> [What needs to be done]:
The required output is the lines from the one with "Abercrombie & Fitch" through the end of the data, repeated verbatim, with no pictures included.

> [Given material]:
--- START ---

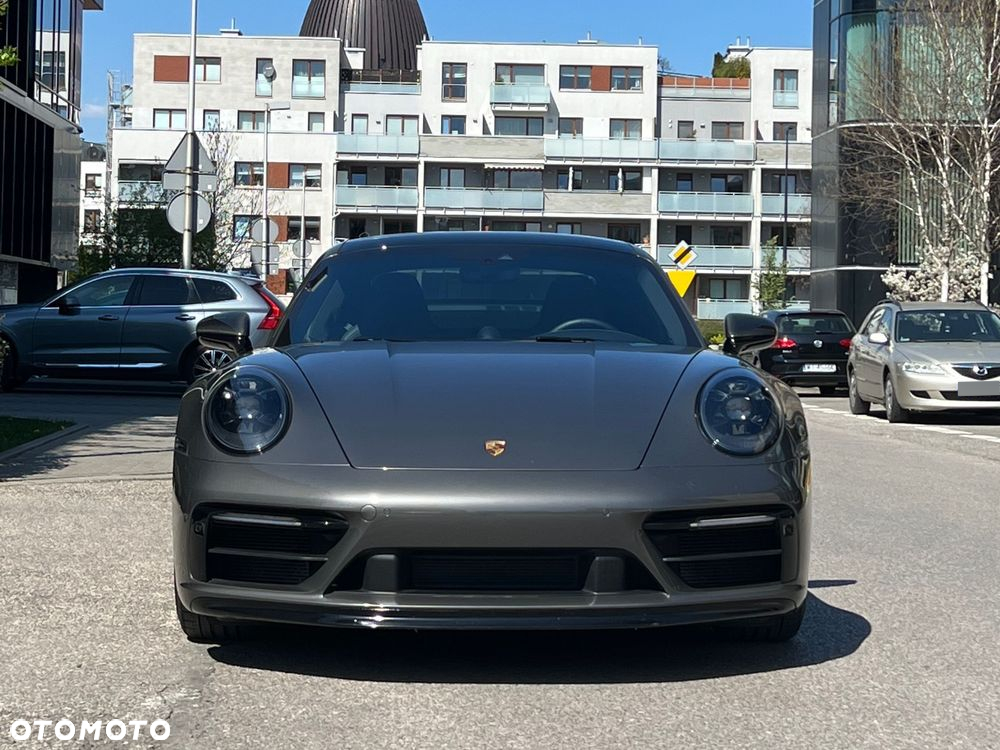 Porsche 911 Carrera 4S - 4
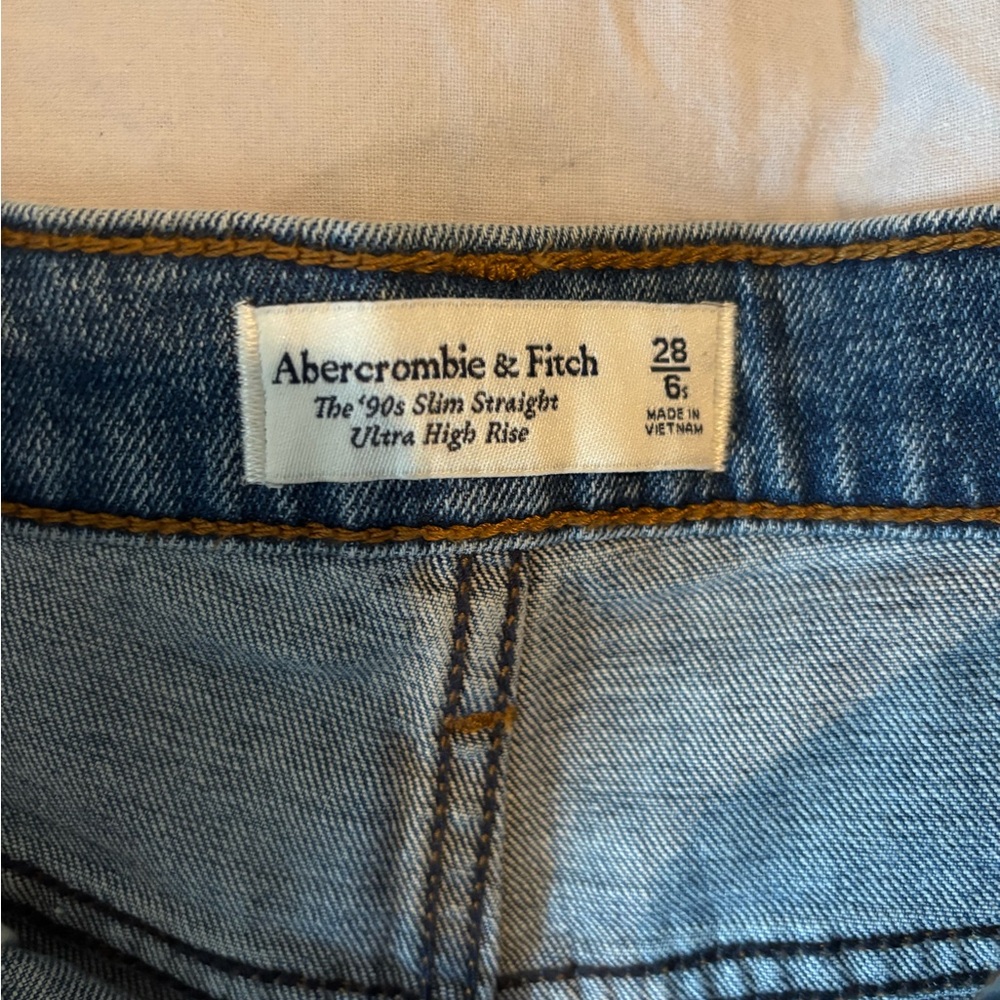 Abercrombie & Fitch 90s Straight Ultra High Rise Jeans, Size 6s - Picture 3 of 4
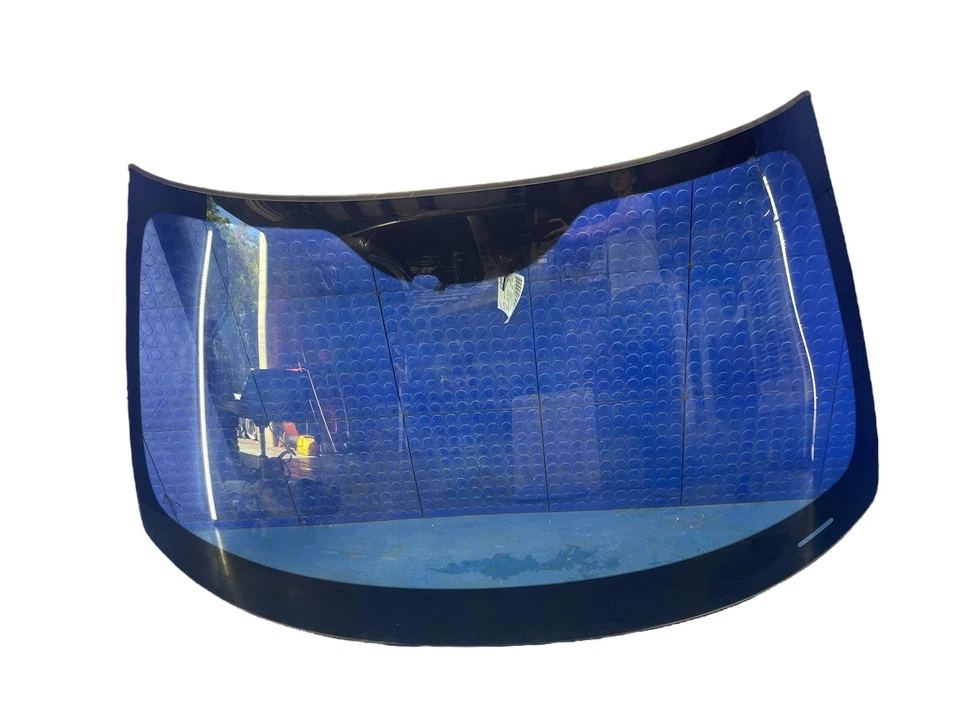 2014 2015 2016 2017 2018 年 2019 雪佛兰 CORVETTE C7 前挡风玻璃窗 — 第 1/4 张图片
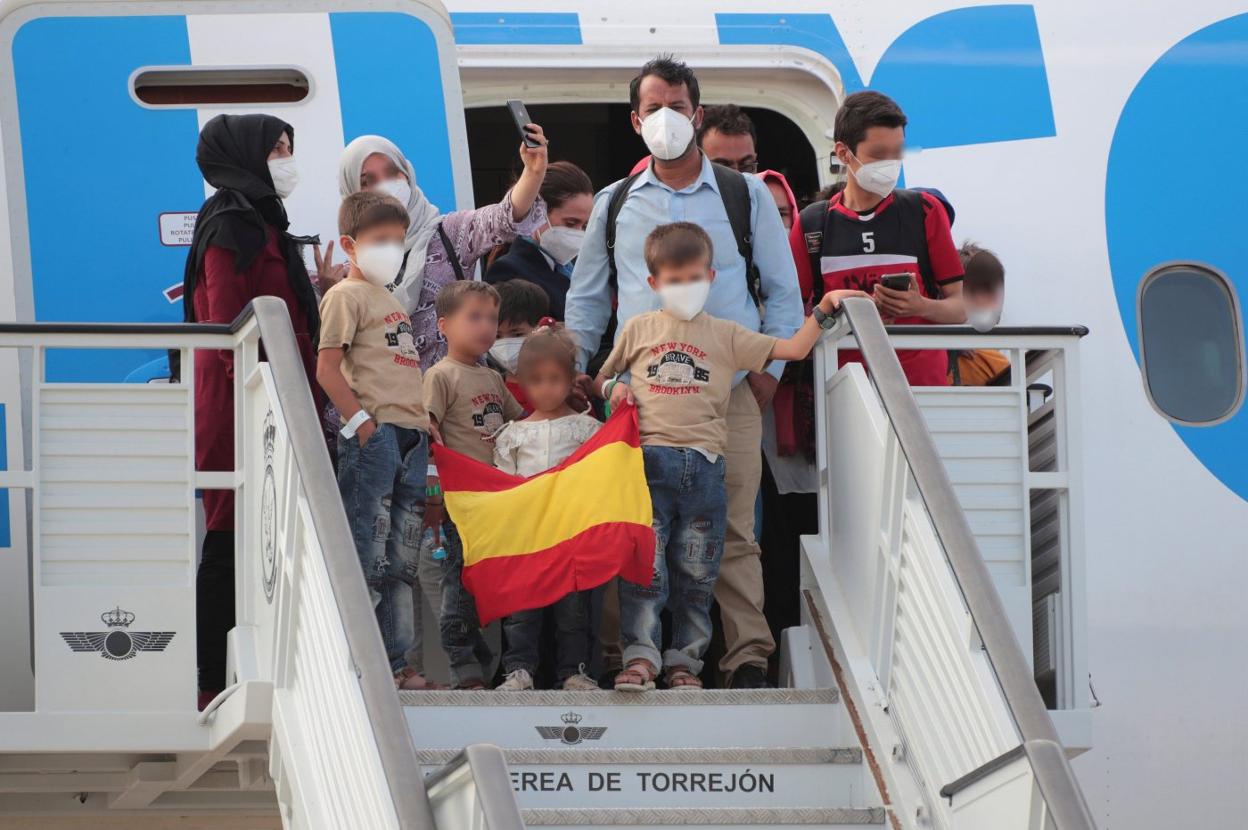 Ciudadanos afganos consiguen llegar a territorio 'libre' después de no pocas penurias para intentar alcanzar un avión de rescate. Son las dos caras de la moneda, el sufrimiento de quienes se quedan en territorio talibán y el alivio de aquellos que logran pisar territorio libre.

--- END ---

> [Expected answer]:
 Abercrombie & Fitch 90s Straight Ultra High Rise Jeans, Size 6s - Picture 3 of 4
 2014 2015 2016 2017 2018 年 2019 雪佛兰 CORVETTE C7 前挡风玻璃窗 — 第 1/4 张图片
 Ciudadanos afganos consiguen llegar a territorio 'libre' después de no pocas penurias para intentar alcanzar un avión de rescate. Son las dos caras de la moneda, el sufrimiento de quienes se quedan en territorio talibán y el alivio de aquellos que logran pisar territorio libre.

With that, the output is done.